The last miles
John Rose
john.r.rose at oracle.com
Tue Aug 22 19:29:21 UTC 2023
On 22 Aug 2023, at 11:50, Dan Heidinga wrote:
…
>>>> 4) I'm not sure the prohibition on 'super' calls is actually necessary.
>>>
>>> No, but it’s a move of economy. Defining the meaning of super for
>>> values would be extra work. We could do that; I’d prefer not to.
>>> Remember that super-constructors for values are already very special
>>> animals: They must be empty in a special sense. Forbidding calls to
>>> them seems like the clean move.
>>
>> The rule is that super constructors must be empty because we had no
>> concept of mutable state to communicate changes from parent to child. But
>> now that we have larval objects...
>>
>> Concretely, what if:
>>
>> - putfield is a verifier error on non-identity class types, it only works
>> on uninitializedThis
>> - as usual, every <init> method (for all kinds of classes) must do a
>> super-<init> invokespecial (or this-<init>? still thinking about that)
>>
>> Then:
>>
>> - value objects get built bottom-to-top, with fields set before a super()
>> call, and freedom to use 'this' afterwards
>> - abstract classes can participate too, following the same code shape
>> - identity classes (abstract and concrete) have a little more freedom,
>> because they can follow the same pattern *or* set their fields after the
>> super() call
>>
>
> Flattened values can't support layout polymorphism which means all uses of
> a common abstract class will need to rely on pointer polymorphism (this was
> already true before this change).
That’s true, except in the case of inlining, which often removes the
need for pointer polymorphism. In this case, the interpreter needs a
real physical buffer on the heap (or stack, maybe) for the larval value
so that it can be passed to both Bottom.<init> and then Top.<init>.

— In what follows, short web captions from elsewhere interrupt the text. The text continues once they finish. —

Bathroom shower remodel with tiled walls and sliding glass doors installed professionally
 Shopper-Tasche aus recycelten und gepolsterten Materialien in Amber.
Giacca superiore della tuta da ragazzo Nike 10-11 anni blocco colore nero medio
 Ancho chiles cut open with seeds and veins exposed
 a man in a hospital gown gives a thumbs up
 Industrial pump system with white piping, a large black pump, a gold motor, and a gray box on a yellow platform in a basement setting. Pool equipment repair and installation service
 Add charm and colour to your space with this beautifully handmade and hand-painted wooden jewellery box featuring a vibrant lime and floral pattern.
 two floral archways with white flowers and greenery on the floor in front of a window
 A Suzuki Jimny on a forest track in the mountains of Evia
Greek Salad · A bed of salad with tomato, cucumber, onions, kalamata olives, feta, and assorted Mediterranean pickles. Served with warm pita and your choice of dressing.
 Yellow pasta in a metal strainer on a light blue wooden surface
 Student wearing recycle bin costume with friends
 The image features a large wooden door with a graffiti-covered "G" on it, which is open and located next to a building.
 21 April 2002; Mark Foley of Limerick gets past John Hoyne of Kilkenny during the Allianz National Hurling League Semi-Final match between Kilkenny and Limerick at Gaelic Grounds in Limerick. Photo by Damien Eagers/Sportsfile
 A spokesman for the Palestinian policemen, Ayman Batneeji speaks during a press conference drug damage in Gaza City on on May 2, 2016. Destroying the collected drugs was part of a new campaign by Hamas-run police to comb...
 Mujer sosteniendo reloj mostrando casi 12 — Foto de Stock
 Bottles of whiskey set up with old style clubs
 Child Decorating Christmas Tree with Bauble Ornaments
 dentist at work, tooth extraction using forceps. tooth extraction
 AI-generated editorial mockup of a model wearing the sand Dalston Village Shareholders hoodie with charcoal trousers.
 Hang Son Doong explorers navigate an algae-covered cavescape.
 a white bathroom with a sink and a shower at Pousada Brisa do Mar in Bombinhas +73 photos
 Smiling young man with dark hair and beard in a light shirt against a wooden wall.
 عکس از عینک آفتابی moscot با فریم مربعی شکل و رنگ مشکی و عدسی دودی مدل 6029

(Here final Bottom <: abstract Top.) But the JIT can inline
Top.<init> and Bottom.<init> into the same place, and then dissolve
the buffer into scalar components.
I am very confident that inlining policy tweaks can fix this in
nearly all cases, reducing the problem of heap-based larvae,
down into the noise. And/or adjusting the calling sequence
of <init> can do so as well. The constructor Top.<init> could
be adjusted to return the state for just the super fields.
…This stuff about inlining or special handling of Top.<init>
is assuming we adopt a new feature, not planned for Valhalla,
which is non-empty super constructors for values, as required
by abstract supers of values which would define their own fields.
I have always thought fields in abstract supers of values is a
very reasonable ask, as a future feature, but I also think we
should not delay Valhalla to do it.
> If abstract classes which are super
> classes of value classes can now have fields, does that encourage
> developers to adopt patterns which rely on pointer polymorphism and
> forfeit flattening? The concern here is less about can we do this but more
> about should we do it?
I think we should consider this feature for a future release of Valhalla.
There is nothing special about this feature that would make it defeat
the VM in its usual job of optimizing whatever the user throws at it.
As usual inlining will probably be sufficient, and if not there are
other tricks we can play.
> Does this hold together with our story on implicit constructors (generate
> both an implicit_creation attribute and a method in the class)?
Probably, but that’s a question Dan can answer more surely than me.
Again, the interpreter is not my biggest performance concern, but it
is worth noting that the current <vnew>-based design has the interpreter
creating one new buffered value per withfield operation (which is
per non-static field in the class), while the proposed <init>-based
design requires one new (larval) buffered value per instance. That
means the interpreter (which I don’t really care about) will create
no fewer buffered values in the old scheme, as long as there is at
least one field in the value class. That’s a (small) win for the
<init>-based scheme. And for the more important case of the JIT,
which has its own IR for value types unrelated to the interpreter,
a calling sequence adjustment (which we already do in other cases!)
will make the buffer disappear completely.